Guaranteed work also moves the focus from economic growth at an cost to other values. With a shorter work week the librarian might decide she or he now has enough time to write that book, the longshoreman may decide he can now go to university for his four days off, the motor vehicle branch employee may decide to make some extra money from his `rockhound' hobby, the possibilities are endless.
It also strengthens regional and community control by encouraging local initiatives. The huge "transfer payments" issue, one-third of the United States government budget, would practically disappear. The grants for cultural activities would disappear and student support schemes would be unnecessary. Guaranteed work is a simple answer for a plethora of schemes which are only partially successful because they are only partial answers.
Natural reproductive excess economics fosters the growth of non-materialistic ideals for society. Guaranteed work makes it explicit that the pursuit of materialistic success has a price. There may be very few people that would want to be garbage collectors and with guaranteed work it would command a higher wage. There may be many people who want to be teachers and thereby eligible only for a sustainable wage. Certainly there would be greater pressure on the ending of boring jobs through automation and capital investment; something that is already occuring. It is a concept that flows with the times, not against it.

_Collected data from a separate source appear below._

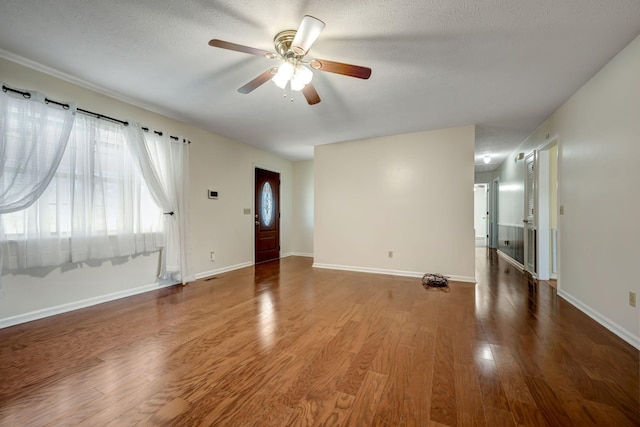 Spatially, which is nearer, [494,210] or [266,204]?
[266,204]

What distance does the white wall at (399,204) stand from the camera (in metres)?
4.22

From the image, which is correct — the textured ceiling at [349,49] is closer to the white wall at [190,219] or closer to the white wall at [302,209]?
the white wall at [190,219]

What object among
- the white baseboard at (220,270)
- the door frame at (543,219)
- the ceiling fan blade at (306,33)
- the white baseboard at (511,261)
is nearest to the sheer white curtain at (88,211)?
the white baseboard at (220,270)

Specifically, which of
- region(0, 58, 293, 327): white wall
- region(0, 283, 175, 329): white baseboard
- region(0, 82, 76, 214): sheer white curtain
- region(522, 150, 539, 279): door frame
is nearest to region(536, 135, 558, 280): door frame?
region(522, 150, 539, 279): door frame

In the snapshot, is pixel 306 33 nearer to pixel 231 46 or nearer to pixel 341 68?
pixel 341 68

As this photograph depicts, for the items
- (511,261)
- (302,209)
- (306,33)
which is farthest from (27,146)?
(511,261)

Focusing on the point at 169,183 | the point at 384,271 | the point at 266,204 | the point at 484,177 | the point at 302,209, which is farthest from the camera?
the point at 484,177

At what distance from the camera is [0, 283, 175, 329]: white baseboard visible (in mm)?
2492

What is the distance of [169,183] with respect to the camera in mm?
3781

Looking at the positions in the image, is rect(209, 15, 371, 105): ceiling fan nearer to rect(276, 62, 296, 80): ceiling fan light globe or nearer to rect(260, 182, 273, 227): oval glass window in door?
rect(276, 62, 296, 80): ceiling fan light globe

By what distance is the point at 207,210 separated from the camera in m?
4.52

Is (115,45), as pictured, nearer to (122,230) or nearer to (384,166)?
(122,230)

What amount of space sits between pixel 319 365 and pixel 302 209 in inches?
203

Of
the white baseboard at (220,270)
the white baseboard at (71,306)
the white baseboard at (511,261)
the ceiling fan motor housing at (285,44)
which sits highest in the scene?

Society, at present, places survival values on air, water, and the preservation of natural habitat. This value is described as the ‘non market valuation of eco-systems’. This is the techno-managerial approach. The costs of a pollution free environment has no market, or dollar, value. The implied rationale is that the eco-system can be invaded and used until it has a dollar value, such as the cost of environmental cleanup.
Such a viewpoint avoids speculation on the effects of environmental degradation in wider society. Health costs resulting from birth deformities, sickness from air pollution, general debilitation from mildly toxic food, are all disregarded. Techno-managers view a pollution free environment as a luxury. Health is reserved for those who can afford to live in a clean uncrowded environment, and purchase healthy food.
The Post Green viewpoint considers clean air and water, and the preservation of natural habitat as priceless. The view is that cultural values such as self-realization, community cohesion, good health, and spiritual communion with Nature supercede monetary values. It is the preservation of those values that decide whether a monetary scheme proceeds or not.
This discussion is already raging in small skirmishes with a huge number of individuals taking small steps towards a post Green economy. Small steps, such as organic farming, selective logging, horse logging, and similar operations have minimal environmental impact.
Natural reproductive excess, where Nature produces more than the eco-system can sustain, is the economic guideline determining whether a project is economically beneficial or not. Greater importance, however, is the building of a tribalized culture in the mantle of humankinds noblest sentiments. It is only in a societal structure that aspires to realize humankind’s greatest potential that the worth of any scheme can be determined.

1. A NEW SOCIAL CONTRACT. THE ECONOMY AND GOVERNMENT AFTER REAGAN, by Martin Camoy, Derek Shearer, and Russel Rumberger. Harper and Row, Publishers, New York. 1983. P. 216.